We release a new version of GitLab every month, and each monthly milestone has several issues that we consider “deliverable” for that release, which can be new features, refinements of existing features, or foundational changes. Developers are assigned to those issues by the respective team leads. If a developer isn’t assigned to anything, they can pick any issue to work on, keeping in mind the issue priority, which is determined by the labels attached to the issue. For example, issues affecting customers have higher priority than others.

What makes GitLab a special place to be a developer?

GitLab is 100% remote so developers work when and where they want to. We’re also one of the biggest users of GitLab itself, so a large part of our developers’ jobs is actually improving the tools they use every day.
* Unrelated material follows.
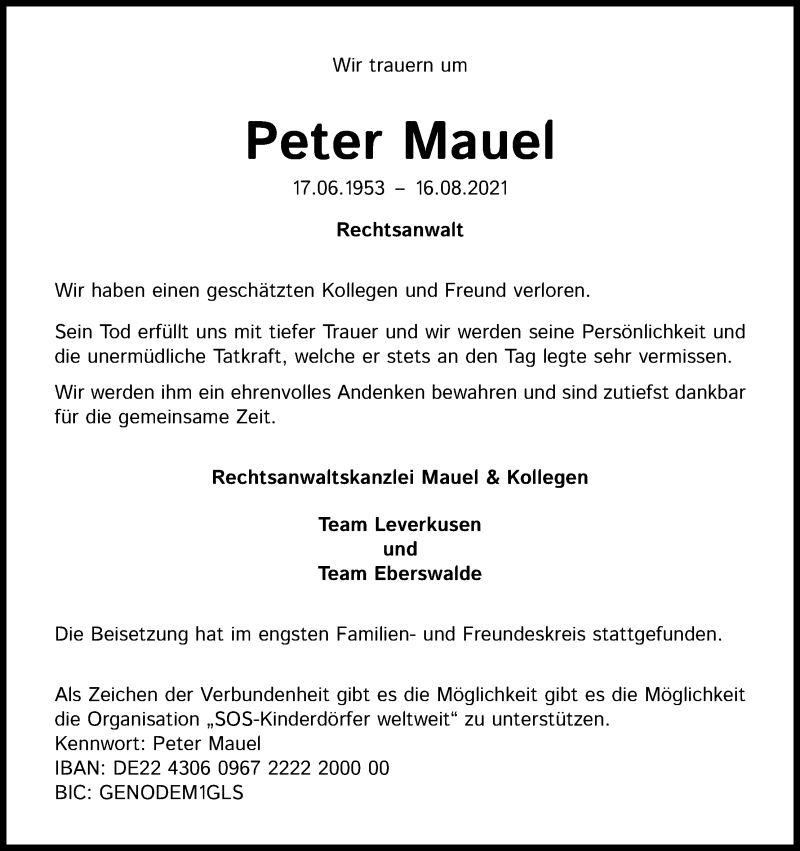  Traueranzeige für Peter Mauel vom 08.09.2021 aus Kölner Stadt-Anzeiger / Kölnische Rundschau / Express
Yann Ramin, Software Engineer and Engineering Manager, and Jill Wetzler, Director of Engineering

What​ ​are​ ​the​ ​most​ ​common​ ​tools​ ​that​ ​developers​ ​use​ ​at​ ​Lyft?

Developers at Lyft are most at home with their favorite editor or IDE; we have a diverse crowd depending on what part of Lyft is being worked on. Backend developers will frequently use Emacs or Vim, but PyCharm and Gogland are popular for those who like a more complete development experience.
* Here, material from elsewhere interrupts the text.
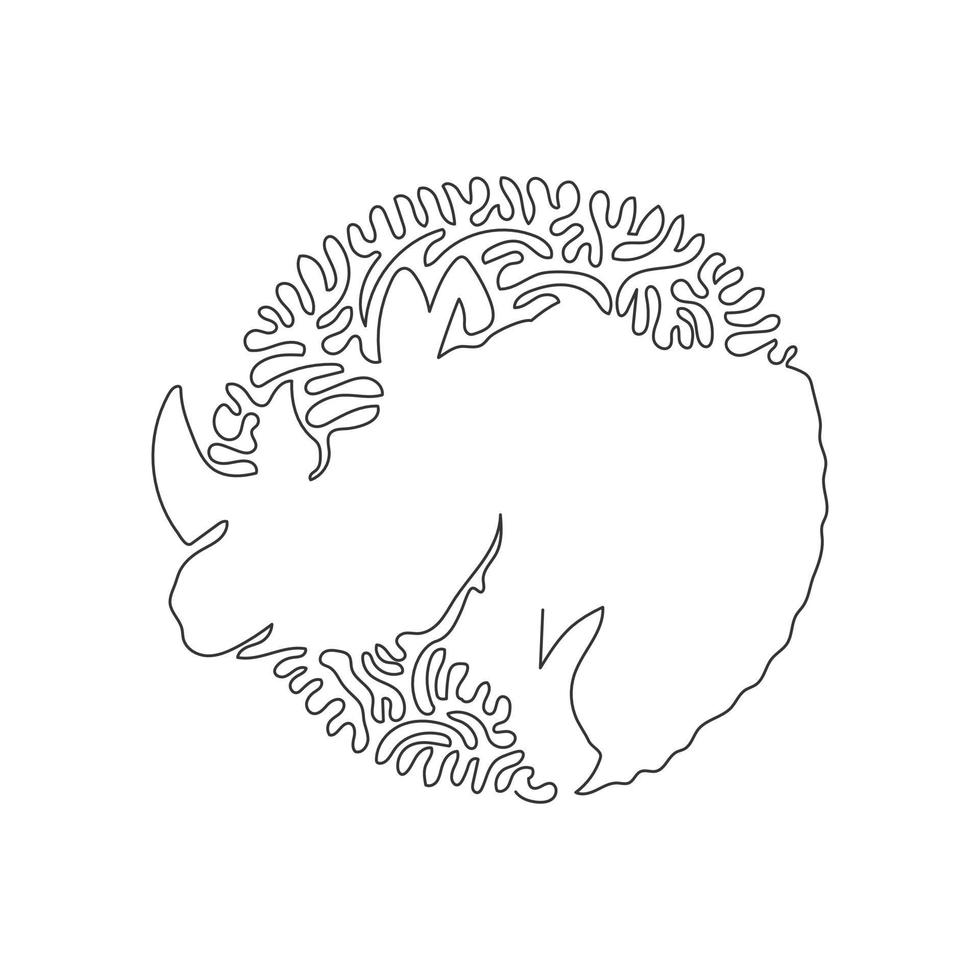 kontinuerlig kurva ett linje teckning av noshörning upp stänga, abstrakt konst i cirkel. enda linje redigerbar stroke vektor illustration av stor horn i de mitten ansikten för logotyp, symbol, affisch vägg dekor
Lyft has a set of internal products named DevBox and OneBox, which let you run Lyft services in an environment that closely mimics a simple production deployment. DevBox runs on a laptop and allows for quick iteration, while OneBox is a persistent remote instance within Amazon Web Services capable of running the most important Lyft services all at once. These tools allow for complete end-to-end testing of backend code in conjunction with Lyft’s mobile applications.
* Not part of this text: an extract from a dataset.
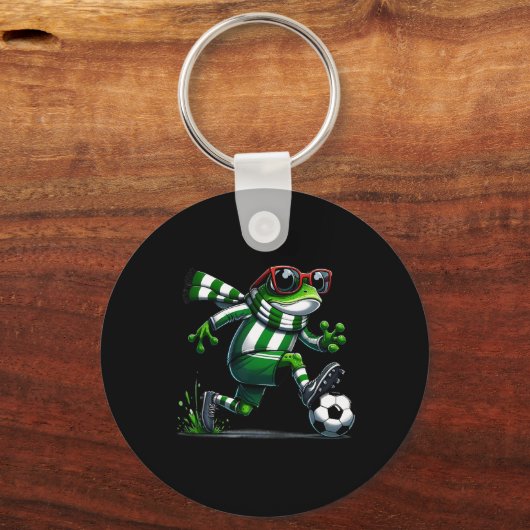 サッカーおもしろいカエル動物グラフィック遊カエルのSocc キーホルダー (正面)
We actively use Git and GitHub for code and code reviews; we manage hundreds of repositories for libraries and individual services. Jira is used for issue tracking as well as feature delivery.

Which​ ​languages​ ​do​ ​developers​ ​code​ ​in?

Most engineers are using Python and Go on a daily basis. Over the past few quarters we’ve been investing heavily in Go and Go tooling, and we’re seeing increased adoption as teams find out how easy it is to spin up a Go service. We give people a lot of boilerplate code for free—a basic service can be spun up and deployed in less than 24 hours, without much copy and paste. Data scientists often develop code in Python, R, Scala, and Java as part of their work, while several core infrastructure software components are written in C and C++.

What​ ​is​ ​the​ ​development​ ​process​ ​like?​ ​(the​ ​lifecycle​ ​of​ ​a​ ​piece​ ​of​ ​committed​ ​code)

It varies per team, but for the most part, engineers are either developing on DevBox or OneBox. Once they are happy with their change, they submit a pull request for code review to GitHub. After a code review :+1:, they can ship their code to master.

We built a tool called submitqueue, which manages the submission, revert, and testing of pull requests via a number of different emoji commands in the pull request comment section. For example, :rocket: to ship, :rocket: plus :praying hands: to ship without running tests, :loudly crying face: to revert, and :hammer: to rerun tests.

Once tests pass, changes are merged into master and are then ready to deploy. Teams generally deploy first to staging, then to canary, and finally to production. Teams are also encouraged to use feature flags in order to slowly ramp up their features, and turn them off in the event that their code introduces a bug.

What​ ​is​ ​code​ ​review​ ​like?

Code review is handled by each team on services they own using the GitHub pull request model. Developers push code to a branch in GitHub, and open a pull request. We have internal tools to mention specific developers using our internal “Please take a look” Slack bot. By default, anyone at Lyft can approve any change, and only one positive review is required to merge code into master for the next deployment. In certain cases, when a piece of code is sensitive, an “owner’s check” may be enforced, requiring review by a specific team or set of people (very little code at Lyft is behind an owner’s check). We also have automated bots dealing with simple syntax and styling issues, enabling developers to focus on higher-level discussions.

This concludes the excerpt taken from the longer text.